Me siento a escribir con el amortiguado fondo del ruido de la lavadora. Es martes de carnaval, la sardina debe estar enterrándose mientras en las iglesias preparan los lienzos morados de la liturgia cuaresmal. Comienzan los cuarenta días que nos llevarán hasta la primavera. Tiempo de cambio para el renacer del hombre nuevo. Sin pretender quitarle el profundo sentido de renovación interior que para el cristiano tiene este tiempo de reflexión y preparación para la Pascua, yo en mi hedonismo pienso en esa otra transformación que se esconde entre las hojas del calendario, dispuesta a desplegarse por el sol vivificador.

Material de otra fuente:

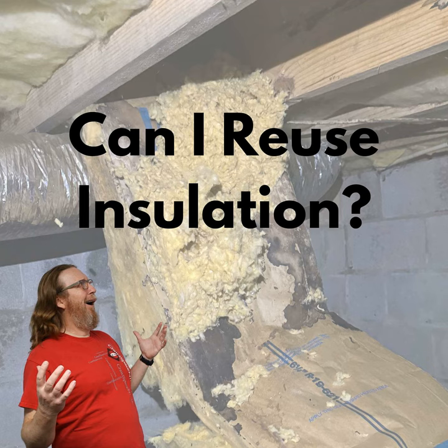Now, if you have an open crawl space and you have that same scenario, you can't insulate the walls. You need to put subfloor insulation back because of code. So if your crawl space is vented, you have to have subfloor insulation.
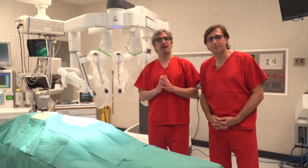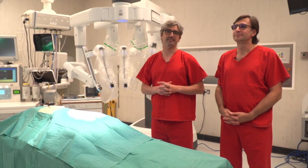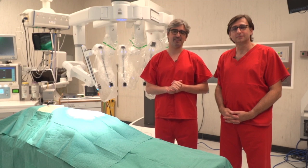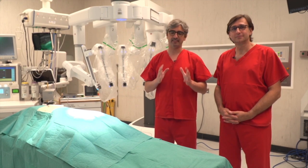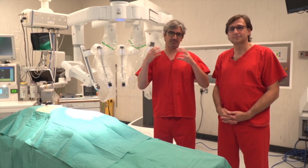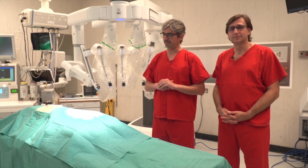We are going to show how we set up the arms, how we place the robot through a single decision. I am with Mugur Bosinciano, he is my partner in Uniportal RATS. We work together as a team — this is teamwork, 50/50. He is so important in doing this setup.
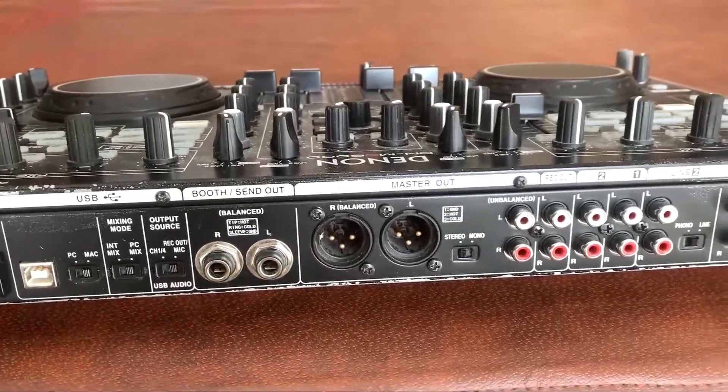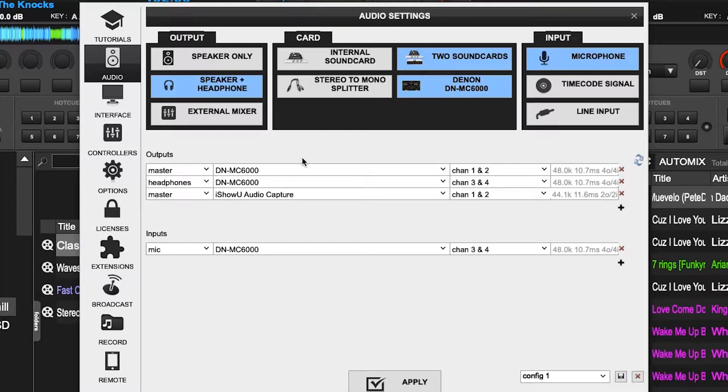Now let's look at how to configure Virtual DJ 2018/2020 to ensure your microphone is getting through. Go to the configuration page — you can see the audio capture section, but you won't need to worry about that; I use that for my Twitch streaming setup with OBS. The most important thing is the microphone setup: click microphone, select the DM6000, and choose channels three and four. Remember, we've already selected on the back of the mixer that the internal microphone is to be included, so that's what you want.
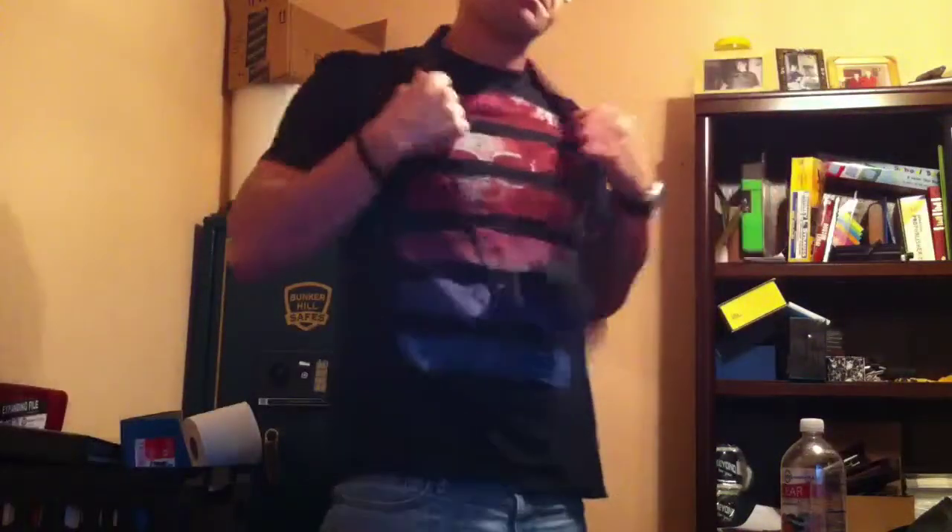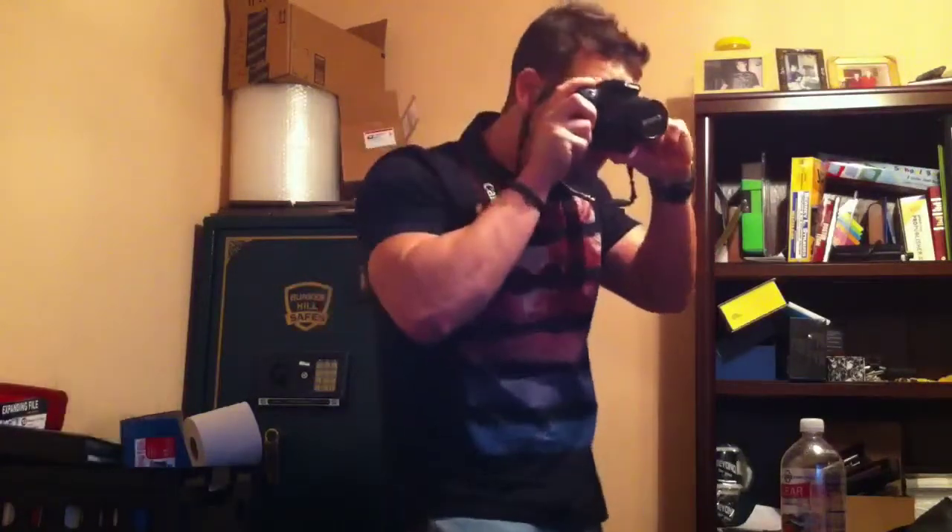Ryan here with another product review on SillyReviews.com. What we have here is a Canon Rebel XS, a 10.1 megapixel SLR camera. It's got a nice little strap you can put around your neck — feels sturdy. Look pretty cool taking pictures with your SLR camera.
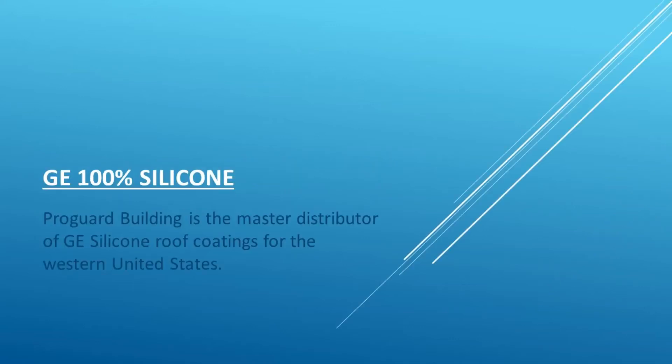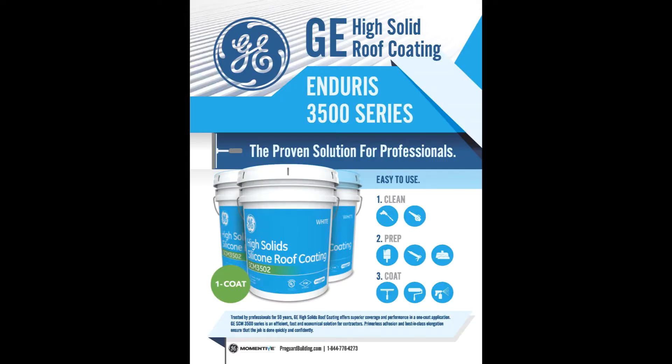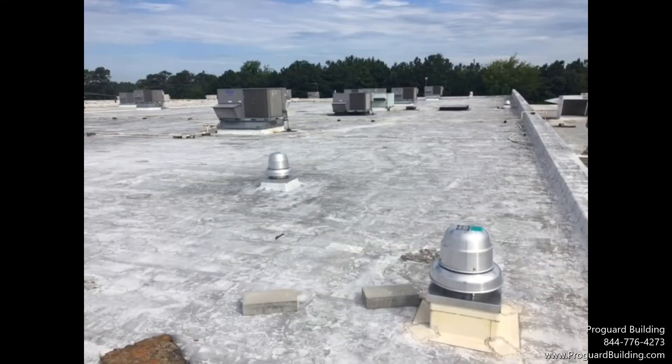GE Endurus is the only no primer, one coat silicone providing the best adhesion and elongation. The first step is to complete an adhesion test during a pre-site visit, followed by clean, prep, and coat.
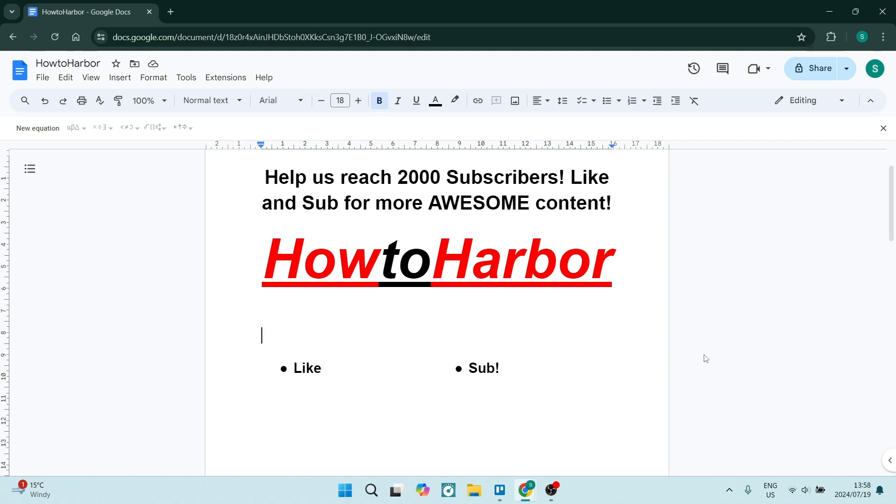If you'd like to learn more Google Docs tips and tricks, go ahead and drop us a like and explore our channel. We'll see you in another awesome video — peace out!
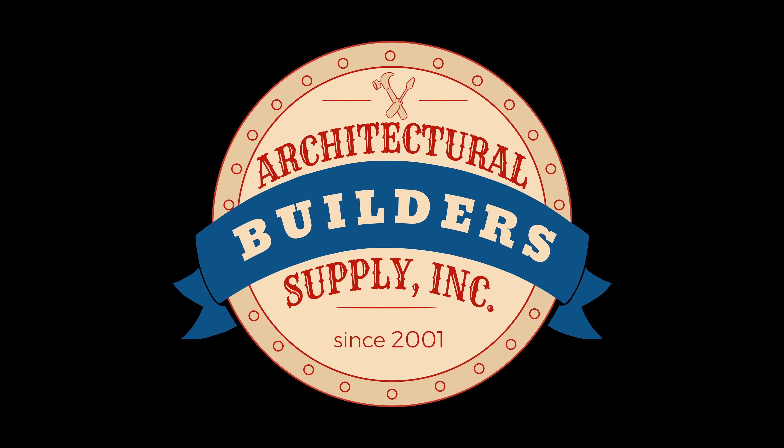Architectural Builder Supply is pleased to present you with this recording of the technical question that is listed in the title of this video. This call may be monitored and recorded for quality assurance.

Sí. Entonces habrá desaparecido este frío intenso y obstinado que me tiene con cuello alto, rebujada en grueso paño incluso dentro de casa y en el trabajo; no hay calefacción que valga. No recuerdo que esto me haya pasado nunca. Tan amante como soy de vivir con las ventanas abiertas, lo tengo todo cerrado a cal y canto.

El cielo sigue gris cuando miro por el balcón. Ahora no llueve, pero seguro que dentro de poco comienza de nuevo. Los pantanos están llenos y las tierras más que empapadas. Las imploradas precipitaciones han cumplido con creces su cometido. Tiempo es ya de que pare, pero de momento parece que no. En fin, qué le vamos a hacer. Esto es lo que hay. Pasaré la cuaresma pensando en los brotes verdes --Los de la primavera, no en los otros para los que aún quedan varios periodos penitenciales-- y en caminar con la cabeza alta y no baja mirando el mugriento embaldosado que ni el agua consigue limpiar ¿Se han fijado en el reborde exterior del pavimento de San Juan?

Oigo el repiqueteo de las gotas en los cristales. Otra vez la lluvia.

La lavadora sigue con su runrún . Tendré que poner la ropa en los radiadores. No queda igual, me gusta más cuando aspiro su olor después de haberse sacado al aire y al sol.